The record reveals that during the relevant time, complainant held various

positions at the agency's Parker, Colorado facility, the last of which was

window clerk. Complainant filed a formal EEO complaint with the agency

on July 9, 1996, alleging that the agency had discriminated against

her as referenced above.<2> At the conclusion of the investigation,

complainant was provided a copy of the investigative report and in July,

1997 requested a hearing before an EEOC Administrative Judge.

The EEOC District Office issued its order acknowledging and docketing

complainant's hearing request on August 6, 1997. That order provided

that the parties were to complete discovery within sixty (60) days of

the date of the order. On January 20, 1998, complainant, by counsel,

filed a motion to compel the agency to respond to outstanding discovery,

noting that the agency had ignored complainant's counsel's request

for a discovery agreement, the written discovery requests propounded,

and numerous telephone calls and letters from complainant's counsel

regarding the status of these matters. Although initially denied due

to a procedural defect which was subsequently cured, complainant's

motion to compel was subsequently granted on March 2, 1998 by an EEOC

Supervisory Administrative Judge.
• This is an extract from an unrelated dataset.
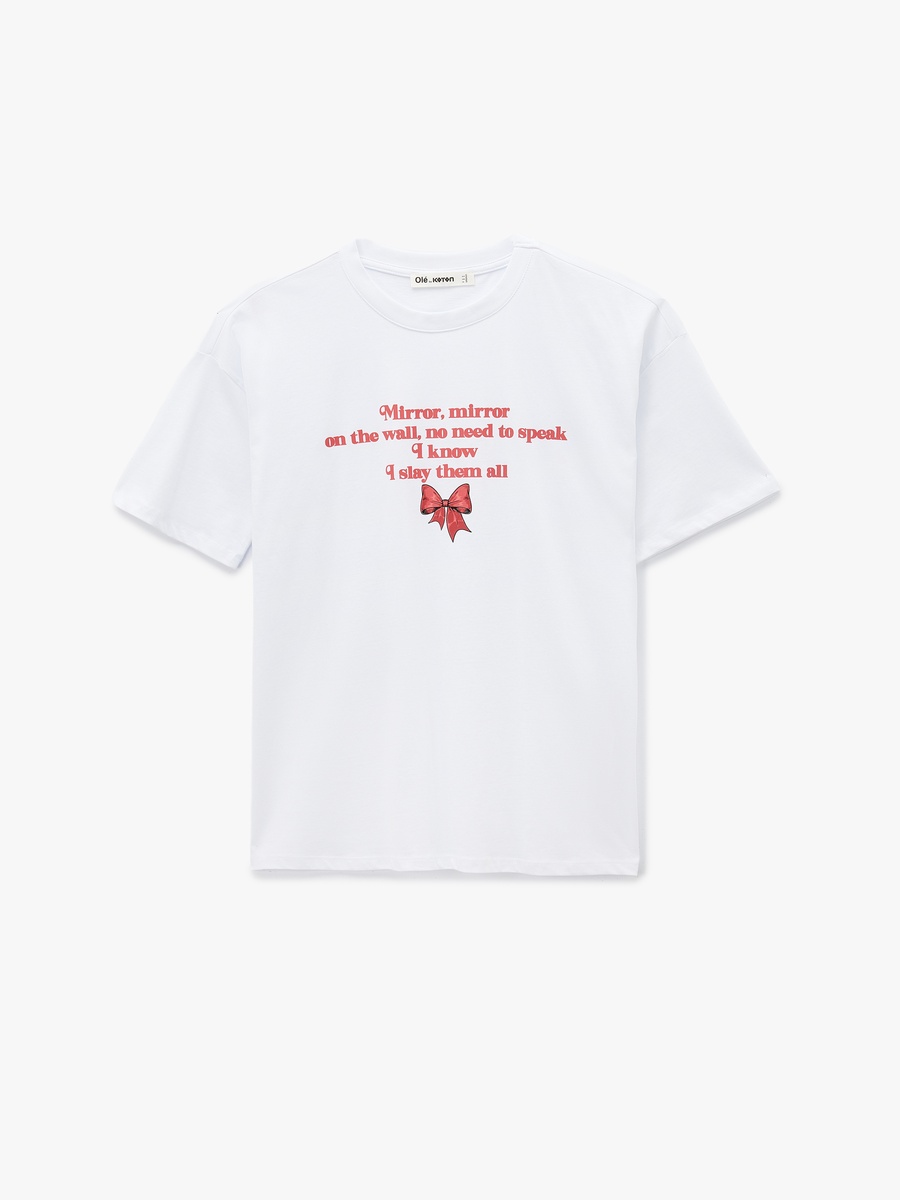 Oversized T-Shirt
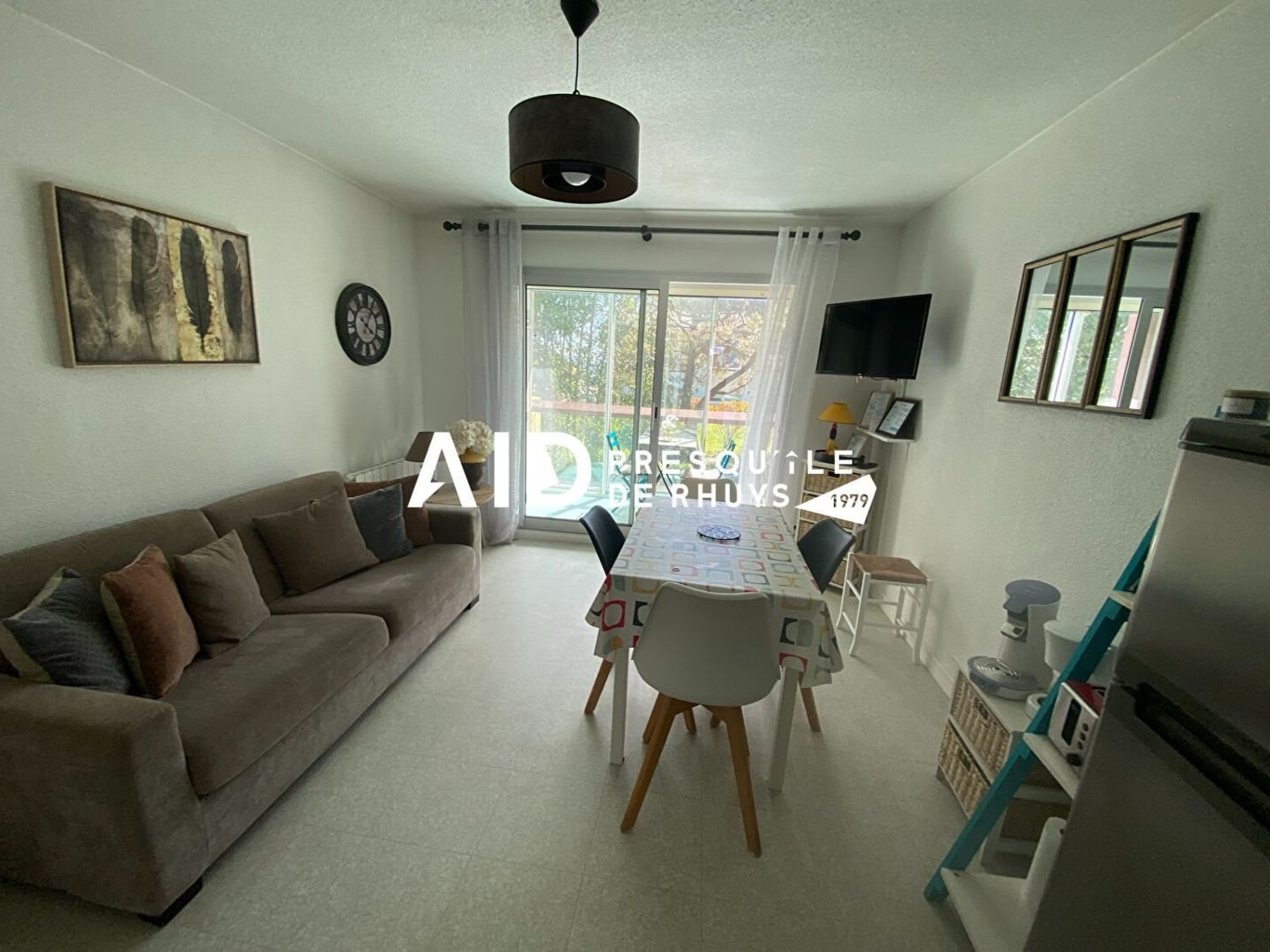 Appartement à vendre, 27m², Sarzeau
The March 2, 1998 order directed the

agency to "serve its answers upon and provide the requested documents

and materials to complainant's representative ... not later than close

of business March 20, 1998."

The agency never served any response to the referenced discovery requests.
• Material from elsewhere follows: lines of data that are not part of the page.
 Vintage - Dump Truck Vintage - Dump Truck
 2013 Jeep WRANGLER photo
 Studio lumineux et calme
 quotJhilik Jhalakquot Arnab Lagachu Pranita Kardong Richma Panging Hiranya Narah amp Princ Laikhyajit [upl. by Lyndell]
By letter to the agency dated March 24, 1998, complainant's counsel

advised the agency that if it continued to ignore the the Administrative

Judge's order, complainant would seek sanctions. Still no response

was received, and complainant discharged her counsel. By order issued

February 9, 2000, the parties were advised that a hearing was scheduled

for April 11, 2000, and, inter alia, that the Commission's revised

regulations which became effective November 9, 1999, allowed parties

to conduct discovery not previously permitted at the hearing stage of

the administrative process, and that unless otherwise authorized by

the Administrative Judge, "all discovery shall be completed not later

than 7 days prior to the date the hearing is scheduled to commence."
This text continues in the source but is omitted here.